▶ THE TASK
Leave the pictures aside and give back every entry below word for word.

▶ EXTRACTED MATERIAL
Start of Block

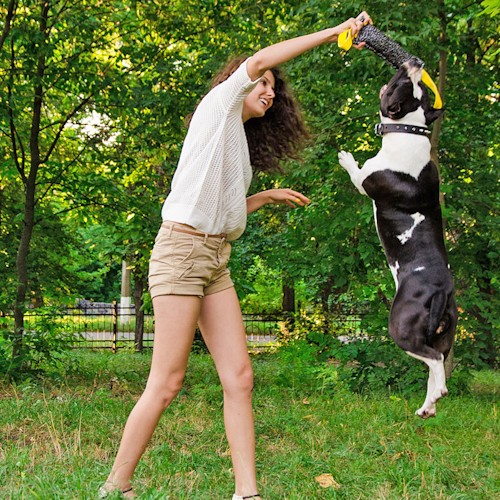 Piccolo salamotto da mordere per giochi con cani e cuccioli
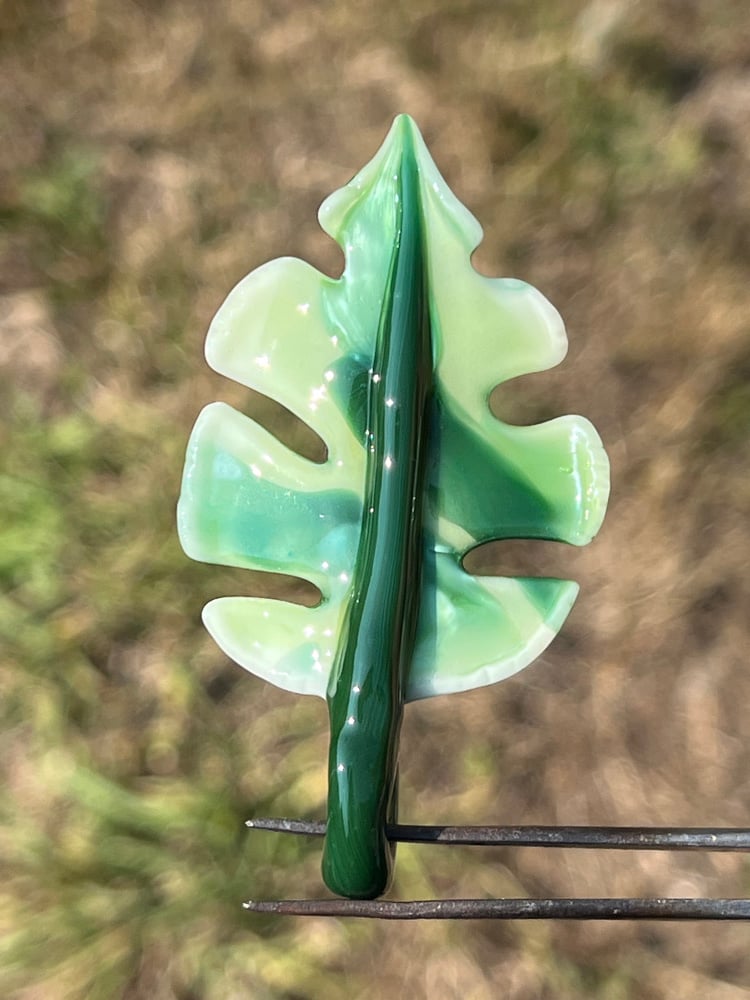 Image of Varigated Monstera Leaf Pendant 6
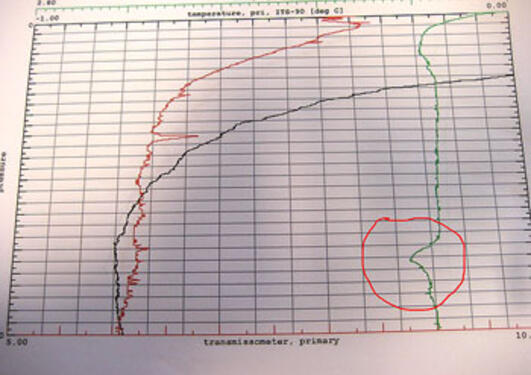 data from a CTD cast showing an Eh anomaly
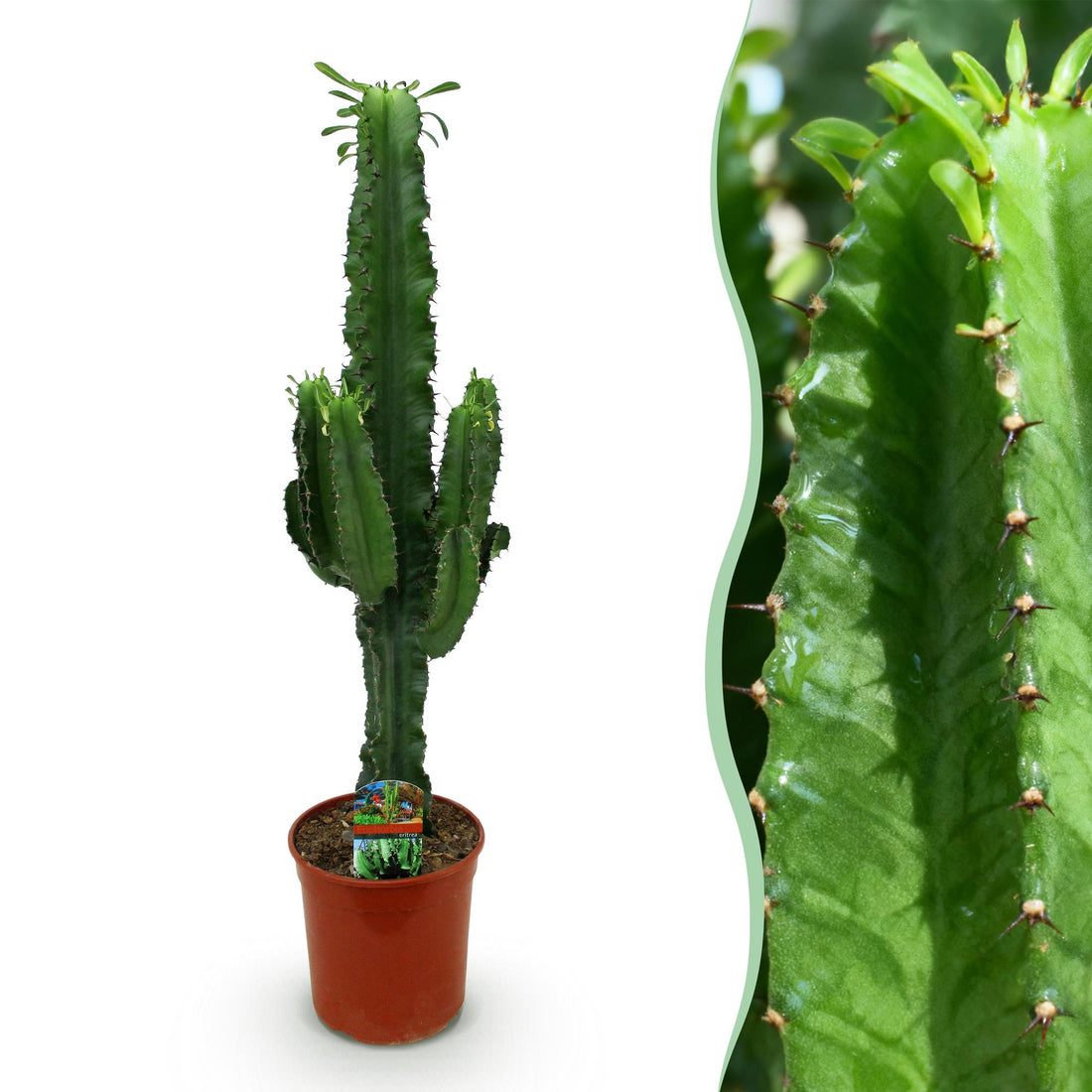Euphorbia eritrea - Afrikanischer Milchbaum in verschiedenen Größen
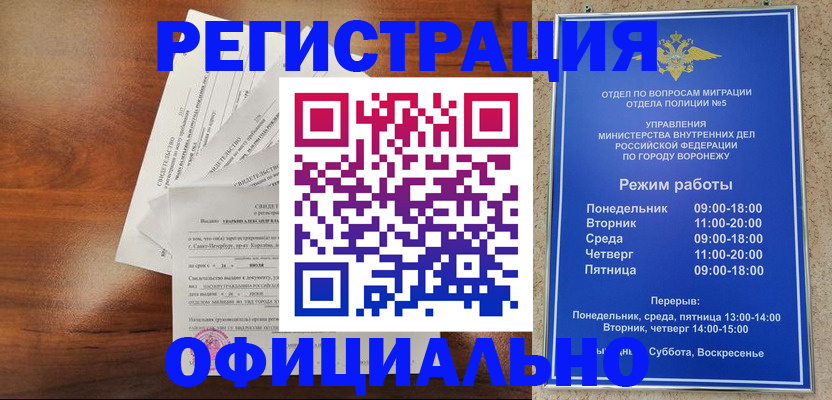 прописка поиск в Сураже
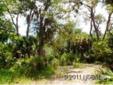 $30,000
New Smyrna Beach, Beautiful lot, 125 x 163 partially cleared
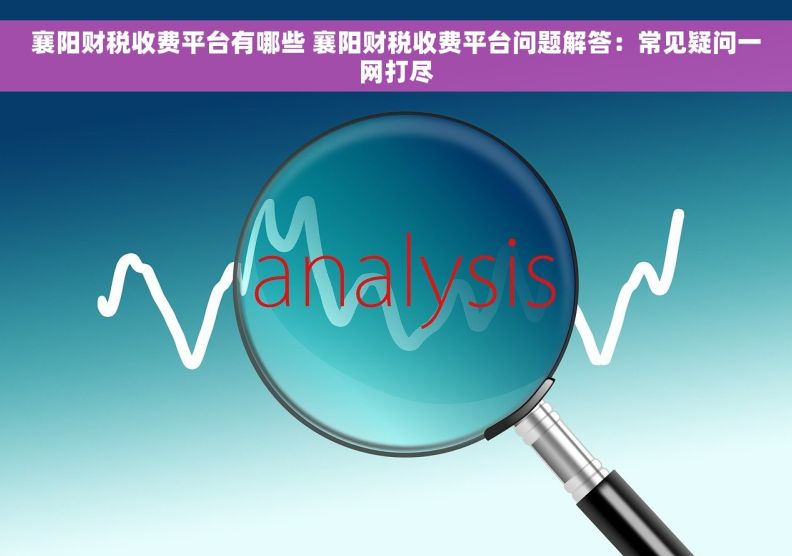 襄阳财税收费平台有哪些 襄阳财税收费平台问题解答：常见疑问一网打尽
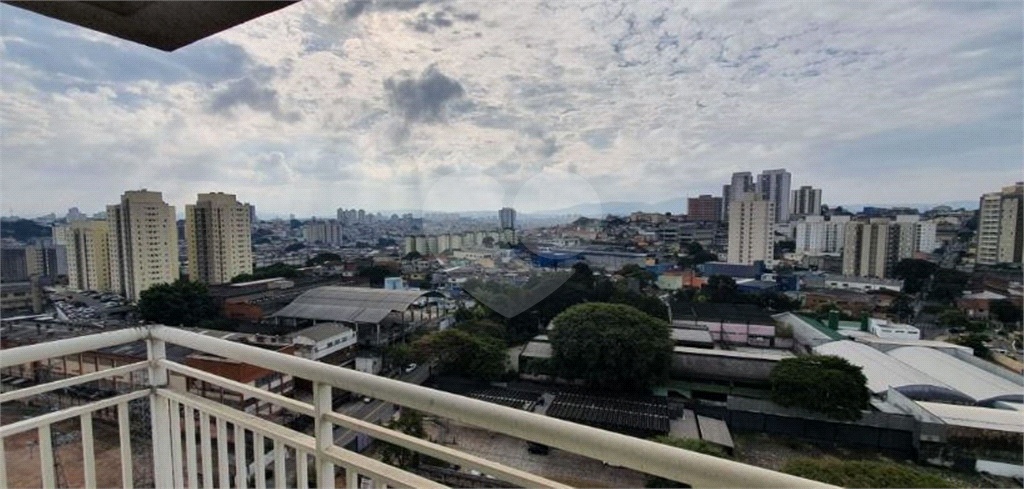 SALAS em LIMÃO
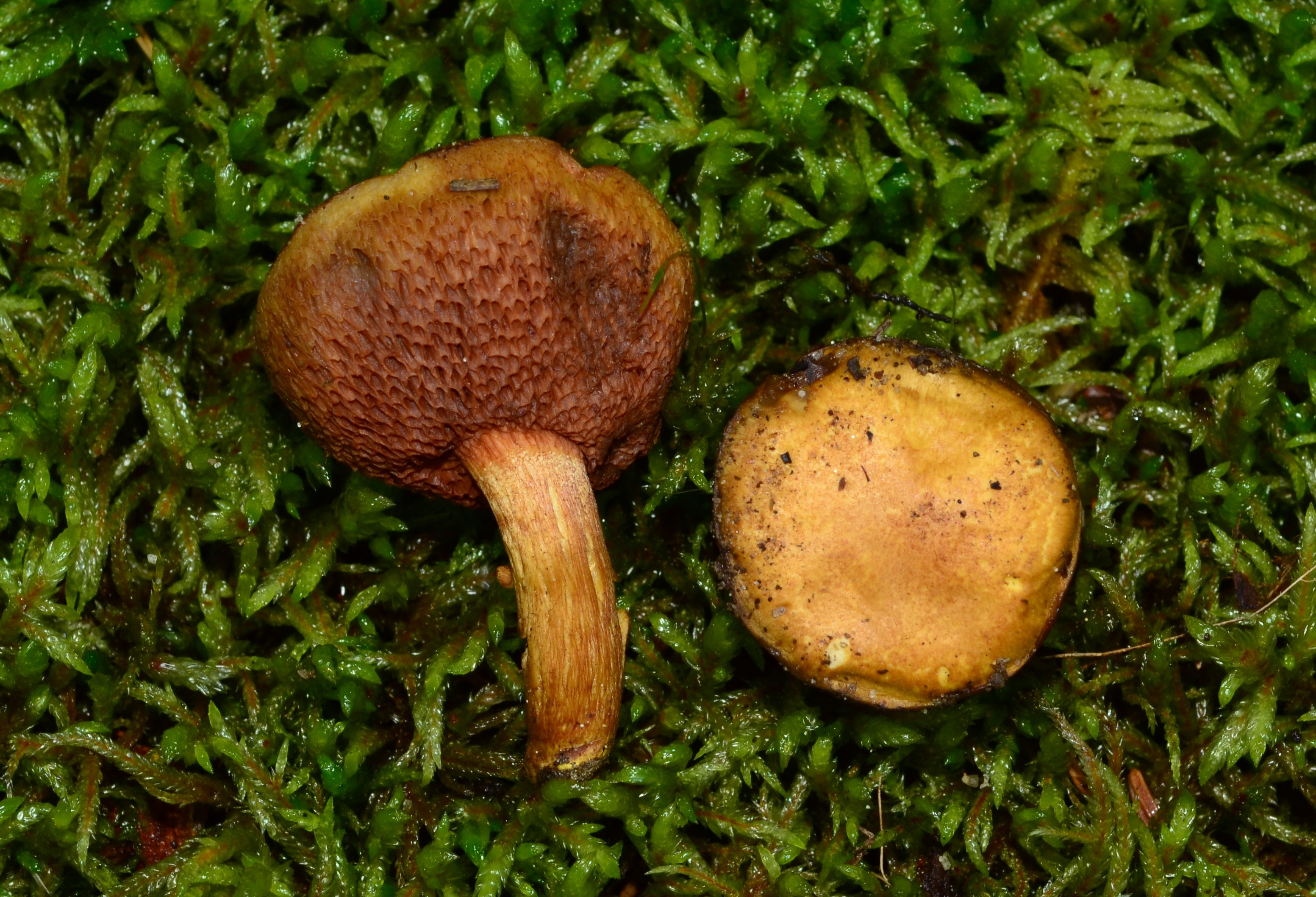 Chalciporus piperatoides thumbnail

End of Block

▶ RESULT FOR THIS TASK
 Piccolo salamotto da mordere per giochi con cani e cuccioli
 Image of Varigated Monstera Leaf Pendant 6
 data from a CTD cast showing an Eh anomaly
Euphorbia eritrea - Afrikanischer Milchbaum in verschiedenen Größen
 прописка поиск в Сураже
 $30,000
New Smyrna Beach, Beautiful lot, 125 x 163 partially cleared
 襄阳财税收费平台有哪些 襄阳财税收费平台问题解答：常见疑问一网打尽
 SALAS em LIMÃO
 Chalciporus piperatoides thumbnail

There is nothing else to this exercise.